I find the paper uses the ontologies it lists sensibly except for elements of SOSA/GeoSPARQL. The paper declares Geometry objects, e.g. http://linkeddata.cenpat-conicet.gob.ar/page/geometry/point_-63.57_-42.773, with a time and date but the time and date are of the Sensor visiting the geometry, not a property of the geometry itself. Better woul be be to associate the time with the Observation - where it was made. Geometries are also allocated to the sensor in an unordered list that can be temporally ordered by looking at the geometry time property. Better would be to order the geometries by using a rdf:Seq or other RDF collection (see SOSA's extension ontology for an OrderedCollection).
The paper also creates confusion in how it uses geometry in Figure 2 where the geometry example isn't linked to the rest of the example and should probably be in Figure 1.
This Platform/Observation geometry is really the only technical (modelling and data) problem I have with the paper. There are some small ontology errors listed below but these are minor.
The papers references need work. Many don't include all reference parts, e.g. URIs, and some are to outdated resources, e.g. old versions of standards. I suspect some of the issues are related to LatTex format issues. I have noted bad references that need fixing.
Below are a series of small points that should be easy to address. They need to be resolved but only the modelling issues above and references are holding this paper back from instant publication.

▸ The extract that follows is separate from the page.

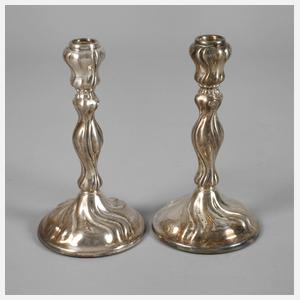 Silber Paar Kerzenleuchter in Barockform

* Can the online location of the BiGe Ontology online be quoted when the first reference to it is made on Page 1 (reference [4])? It is given later in the paper, Table 3, but it's not obvious to the reader that it is online until Table 3 is reached.[4]
* Could a web front end be provided for the dataset's SPARQL endpoint: http://linkeddata.cenpat-conicet.gob.ar/sparql? This will make the data much easier to query. There are many easily installable ones to choose from, e.g. https://triply.cc/docs/yasgui/
* In the dataset, the Dublin Core class FileFormat is used incorrectly as a predicate, e.g.:
dcterms:FileFormat "PDF" .
dcterms:FileFormat "PDF" .
The correct RDF uses dcterms:format, which is a property, not dcterms:FileFormat, which is a class:
dcterms:format "PDF" .
dcterms:format "PDF" .
* BiGe-Onto Ontology: this ontology uses mixed forms of URI, e.g. bigeonto:belongsTo, bigeonto:has_location. Can this be standardised in a new ontology version?

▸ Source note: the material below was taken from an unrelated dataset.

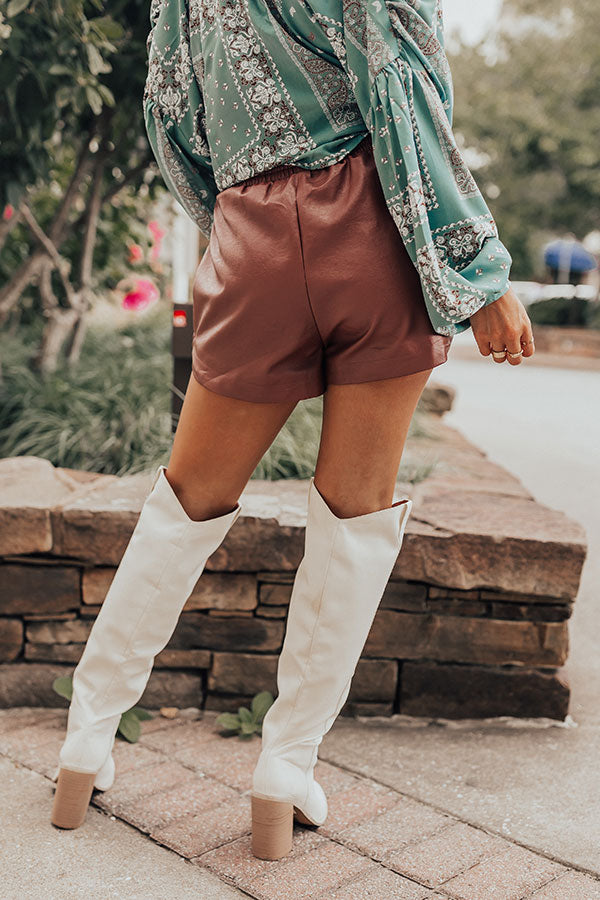 The Starry Faux Leather Shorts in Dark Cinnamon Image - 5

* the reference given for QUDT, [13], is not to QUDT itself but to an extension and it's URI is broken. Please just refer to QUDT proper. Refer to http://qudt.org.
* no persistent URI is provided for the GeoSPARQL reference, [14]. Should be http://www.opengis.net/doc/IS/geosparql/1.0
* reference to "SPARQL query language" is out dated - URI for 1.0 is given, should be for 1.1: https://www.w3.org/TR/sparql11-query/
* reference to OWL TIME, [15], does not quote persistent URI, should be https://www.w3.org/TR/owl-time/
* there is a space in the URI http://www.w3id.org/cenpat-gilia/bigeonto/ in Table 3 that needs to be removed for it to work (be able to be clicked on)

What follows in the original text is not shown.